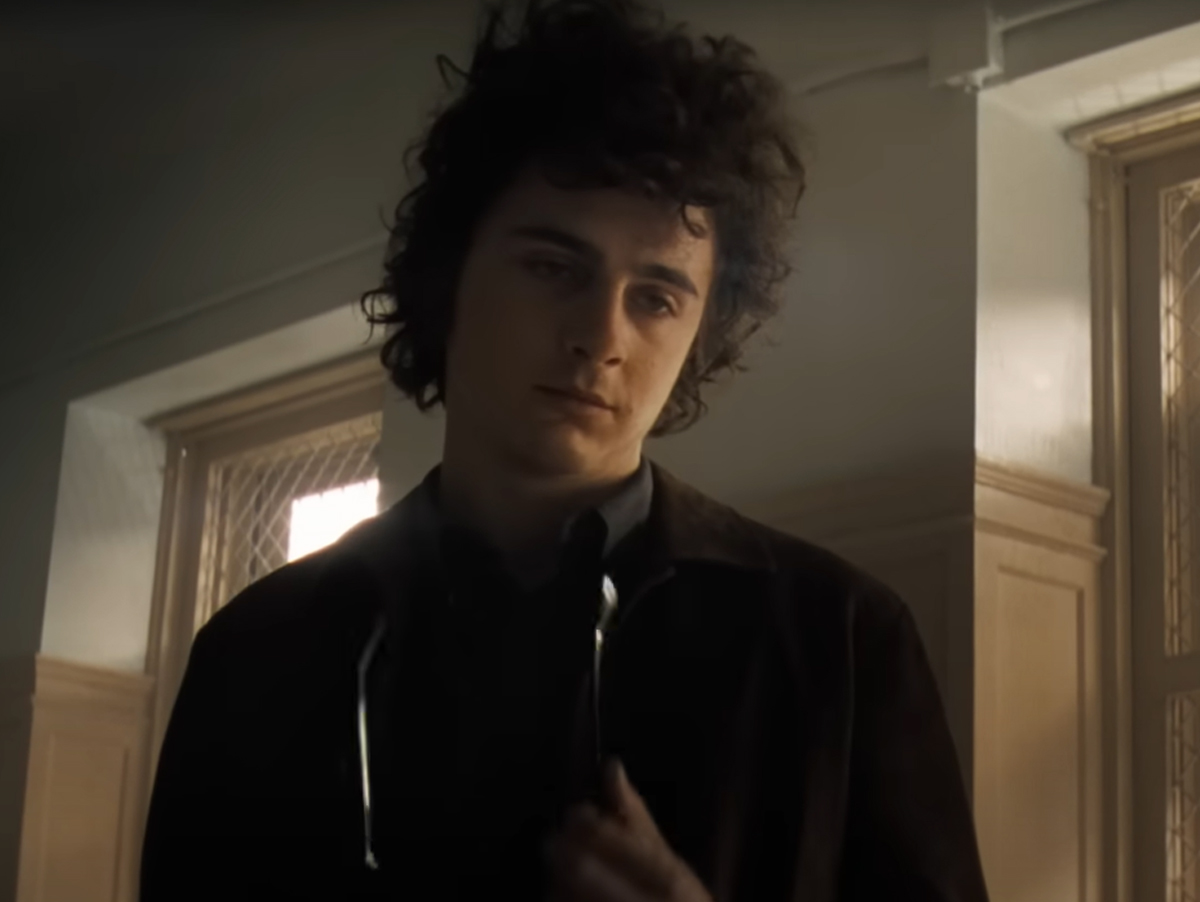 Timothée Chalamet vira Bob Dylan (e canta!) em trailer de "A Complete Unknown"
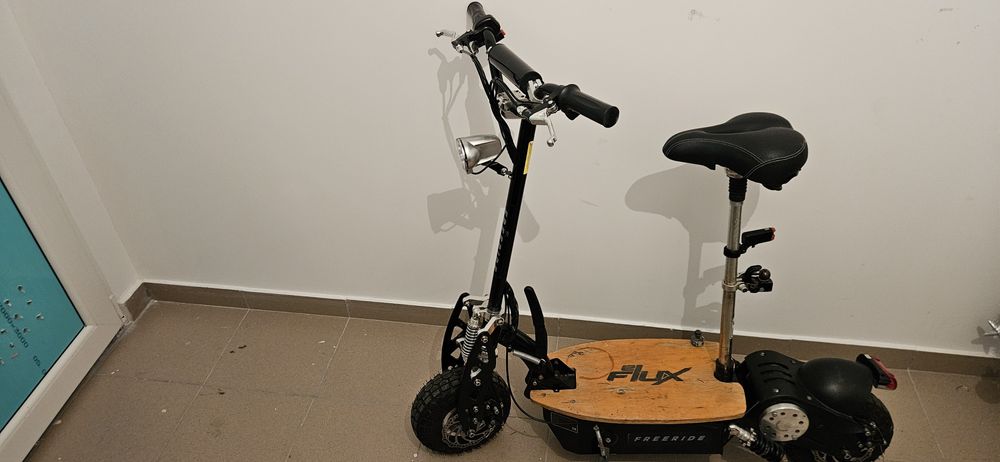 Vând trotineta electrica e flux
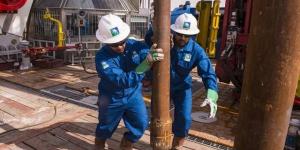 "أرامكو"
      توقع
      خطاب
      نوايا
      للمشاركة
      في
      مشروع
      لضغط
      الغاز
      بقيمة
      2.24
      مليار
      دولار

+ + + + +

▸ **Work to complete**: Could you reproduce all of the material exactly? Keep the pictures out of it.

▸ **Task output**:
 Timothée Chalamet vira Bob Dylan (e canta!) em trailer de "A Complete Unknown"
 Vând trotineta electrica e flux
 "أرامكو"
      توقع
      خطاب
      نوايا
      للمشاركة
      في
      مشروع
      لضغط
      الغاز
      بقيمة
      2.24
      مليار
      دولار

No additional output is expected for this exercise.